Laufende Botschafts/Konsulats-Nummer: Nr. 10
Zustand: A
Letzte Änderung: 03/23/2012


Der Konsul in Tiflis (Schulenburg) an das Auswärtige Amt

Telegraphischer Bericht



Nr. 10

Tiflis, den 19. Juni 1918

Antwort auf Telegramm Nr. 21 und Nr. 62 vom 14.6.

1.) Armenische und georgische Verträge mit Türkei 13. 6. von Poti über Konstantinopel nach Berlin abgegangen, müssen in den nächsten Tagen dort eintreffen.

Nordkaukasisch-türkische Verträge, die erst vorgestern erhielt, gehen morgen von Poti nach Sewastopol Berlin.

Tatarisch-türkische Verträge noch nicht in meinem Besitz, da die Regierung ...3 Elisabethpol und da der Verkehr dorthin unterbrochen war.

2.) Nordkaukasisch-türkischer Hauptvertrag enthält im wesentlichen: Verpflichtung der Türkei, dem Nordkaukasus mit Waffengewalt zu Hilfe zu kommen, falls dieser es verlangt. Nordkaukasus hat darum gebeten, deshalb sollte 37. türkische Division über Mzchet und grusinische Heerstraße nach Wladikawkas gehen. Sie hätte dort größtes Unheil angerichtet.

Erster Zusatzvertrag betrifft Handel und Schiffahrt. Inhalt im wesentlichen: Meistbegünstigung, keine Einfuhrverbote unter freiem Transit, Verpflichtung, sich gegenseitig Überschuß an landwirtschaftlichen und industriellen Erzeugnissen bis 31. 12. 1919 zu überlassen.

Zweites Zusatzabkommen betrifft militärische insbesondere Eisenbahnangelegenheiten. Inhalt: Feindliche ...4 und Beamte sollen ausgewiesen und nicht angestellt werden, sonst ziemlich genau wie das entsprechende Abkommen mit Georgien.

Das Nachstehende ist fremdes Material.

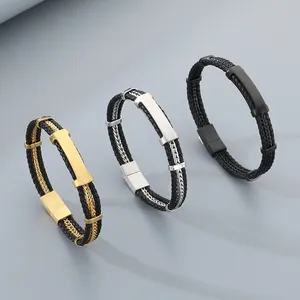 Bracelet Homme Business en Acier Inoxydable Cordon en Cuir Artificiel Tissé Multicouche Plaque Courbée Gravable Or Argent Noir Bracelet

3.) Hauptmann von Egan-Krieger hat von der O.H.L. Auftrag, in Vertretung des Generals von Lossow Leitung hiesiger deutscher Truppen zu übernehmen bis Oberst von Kreß eintrifft. Solange hat er seines Erachtens die alleinige Verantwortung hier. Genauere Aufträge hat er nicht, was ich erst später erfahren habe. Hauptmann von Egan hat daher das nach der Lage Erforderliche veranlaßt.

4 Das Notwendigste wäre die Besetzung Bakus, da gesamtes kaukasisches Wirtschaftleben auf Masutfeuerung eingerichtet. Eisenbahn, Elektrizitätswerke usw.: nur noch Vorräte für etwa 10 Tage, dann stockt alles.

Zur Eroberung Bakus unsere Truppen zu schwach, Hauptmann von Egan hat daher um 2 weitere Bataillone und zwei Batterien gebeten. Inzwischen hat er die dringend notwendige Befriedigung Georgiens unternommen.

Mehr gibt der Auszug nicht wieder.